Nelson defines friendship not as how much you like somebody but as “a relationship between two people where both people feel seen in a safe and satisfying way.”

The epitome of a healthy relationship, according to Nelson, is “frientimacy.”

“We all need more intimacy in our lives than romantic relationships can provide,” Nelson said. “We are meant to be connected, we are meant to be known, we are meant to feel safe, we are meant to be seen in a safe and satisfying way and that is frientimacy.”

Research has shown that deepening current relationships is the issue, rather than not meeting the right people. To deepen relationships we have, repair unhealthy relationships and embark on new friendships, Nelson uses the acronym PVC, which stands for positivity, vulnerability and consistency.

“Positivity means we need to feel good for having been with each other,” Nelson said. “We need to have five positive feelings for every negative stresser that relationship experiences or brings to your life.”

Examples of positivity in friendship are affirmation and validation, acts of service, experiencing laughter or moments of pride and awe together.

“Our friends we get to choose and whether we know it or not we are going to gravitate towards the people who make us feel better,” Nelson said. “Hopefully every time I’m with my friends they leave my presence feeling better about themselves and their life.”

Nelson said a sense of stability is also necessary in healthy relationships.

“Consistency means repetition,” Nelson said. “It means regularity, it means building history, it means logging the hours, it means making the memories it means we are spending time together.”

The repetition of seeing each other makes a friendship feel safe because a person’s actions can be predicted, Nelson said.

One of the biggest complaints she receives, Nelson said, is that people feel the effort of initiating spending time together is one-sided in a friendship.

“Some people need to practice it for sure,” Nelson said. “At the end of the day if I need friendship I just need to say I will be the initiator. I am actually building my friendship, I am doing for me what needs to be done.”

Men are told at a young age that vulnerability is only acceptable in romantic relationships but it is extremely important for male friendships as well as female, Nelson said.

There are several ways to express vulnerability, Nelson said, including sharing insecurities, initiating contact and sharing moments of success.

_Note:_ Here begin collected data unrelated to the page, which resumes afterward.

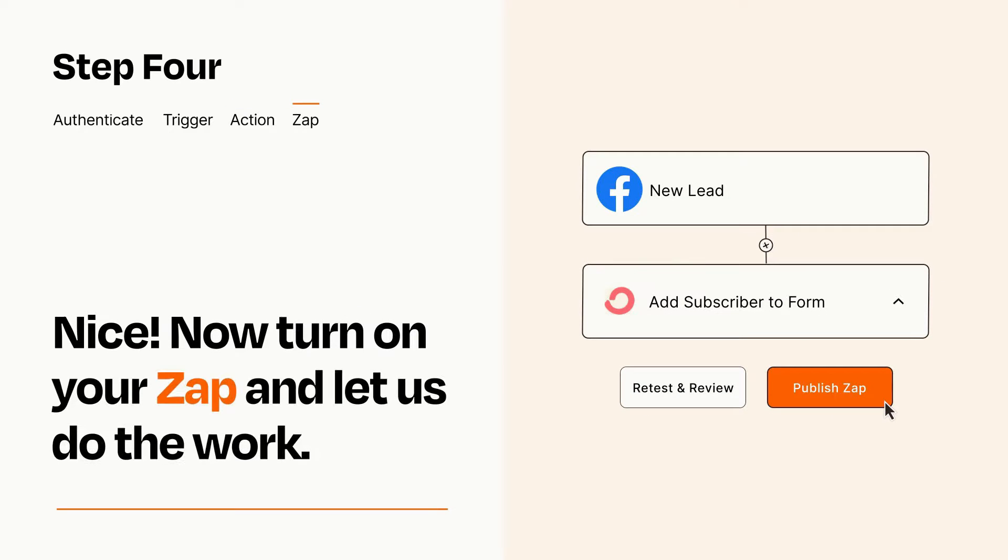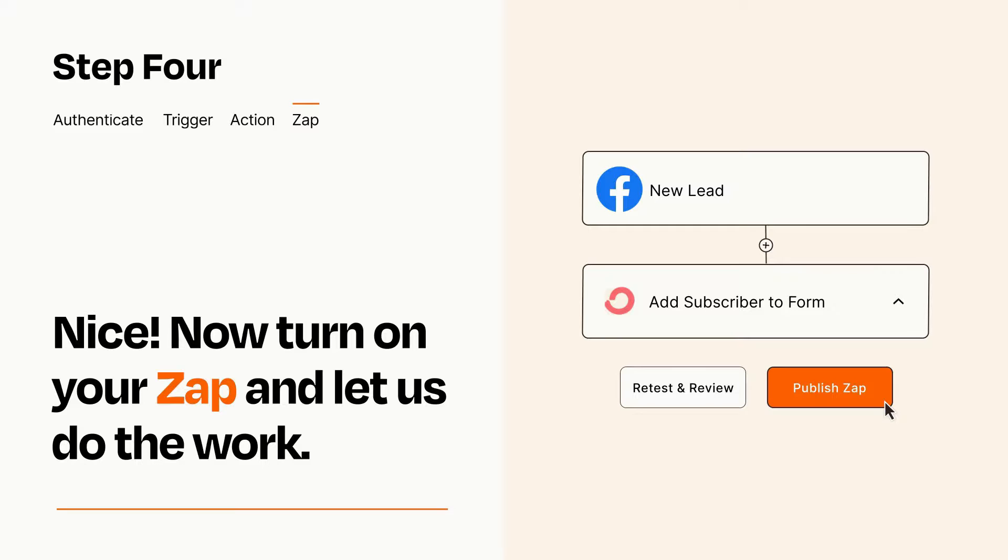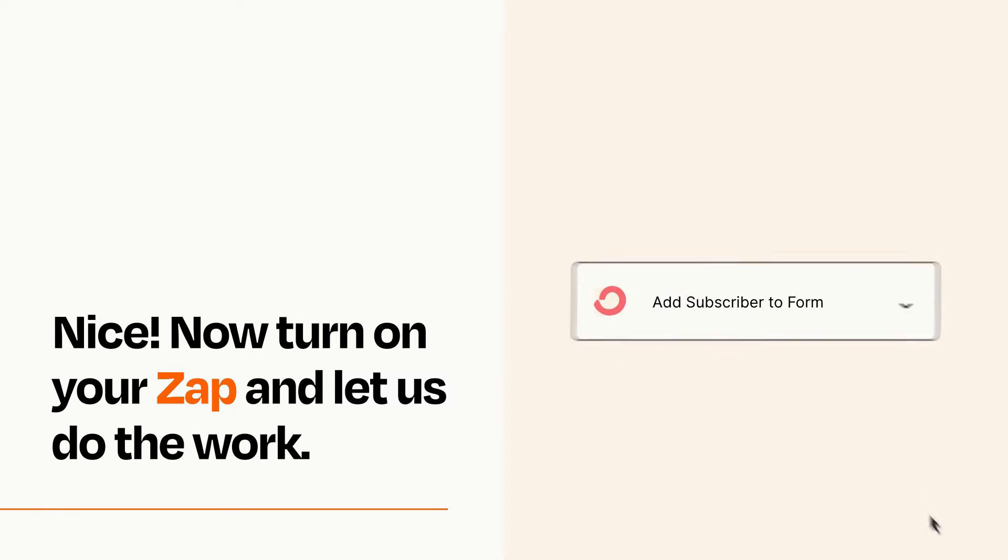Turn on your Zap and Zapier will start doing your work for you. Zapier can be as simple or as complex as you'd like and connects with thousands of apps, more than any other platform.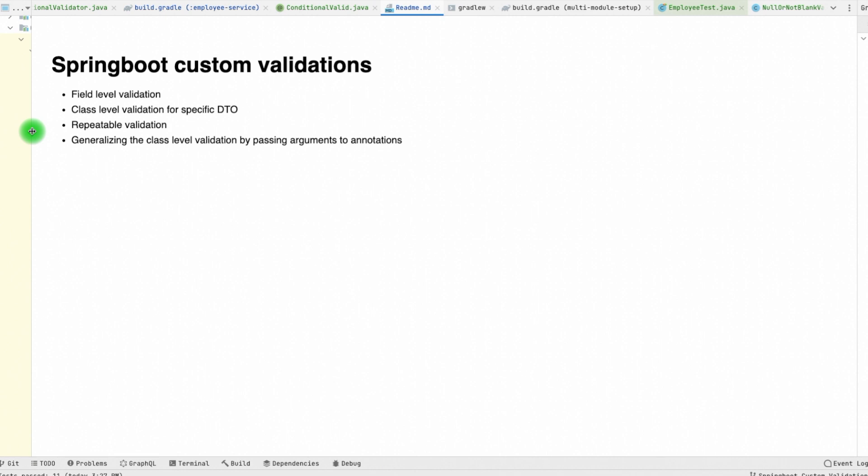Hey everyone, welcome again. My name is Bridges and in this video, I am going to talk about how to add custom validations with a Spring Boot application.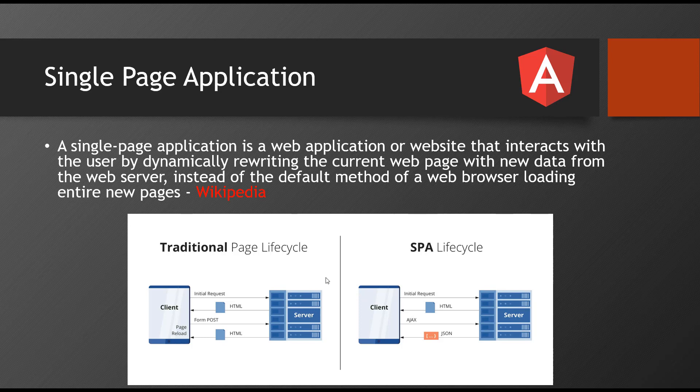When you are learning ReactJS, VueJS, Angular, everything all comes under single page application. So first we'll understand what is this traditional page lifecycle.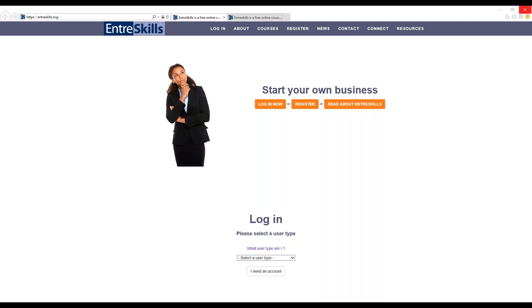EntreSkills for Educators is the New York Small Business Development Center's online entrepreneurial education tool. The New York SBDC is the premier business assistance organization in New York State.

“We don’t need to downplay who we are,” Nelson said. “If we can’t practice shining in front of our friends what chance do we have of doing it in a world that desperately needs us to show up in our best greatest biggest selves.”

Though combinations of positivity, vulnerability and consistency can create great experiences, Nelson said, at the end of the day they are not healthy friendships unless they include all three.

“A healthy relationship is when you practice these three things,” she said. “It has nothing to do with how much you like each other. The more you like each other the more you’ll practice these three things and the more you practice these three things the more you’ll like each other.”

Often people blame loneliness on not having met the right people and that friendships just magically happen, Nelson said.

“The truth is you are meeting people every day who could be your best friend. The trick is how do I be consistent with that person, when I see them how do I add positivity to their and be open to vulnerability when it’s ready,” she said.

Nelson concluded with a call to action, asking people to practice consistency, positivity and vulnerability in their relationships.

“The only place you do any personal growth in this world is in your relationships,” she said. “Don’t back down, keep leaning in [and] keep loving. You need it, it’s the number one thing for your health. The world needs, it, it’s the number one solution to our addictions, to our homelessness and to our mental health. We need each other, we were made for this.”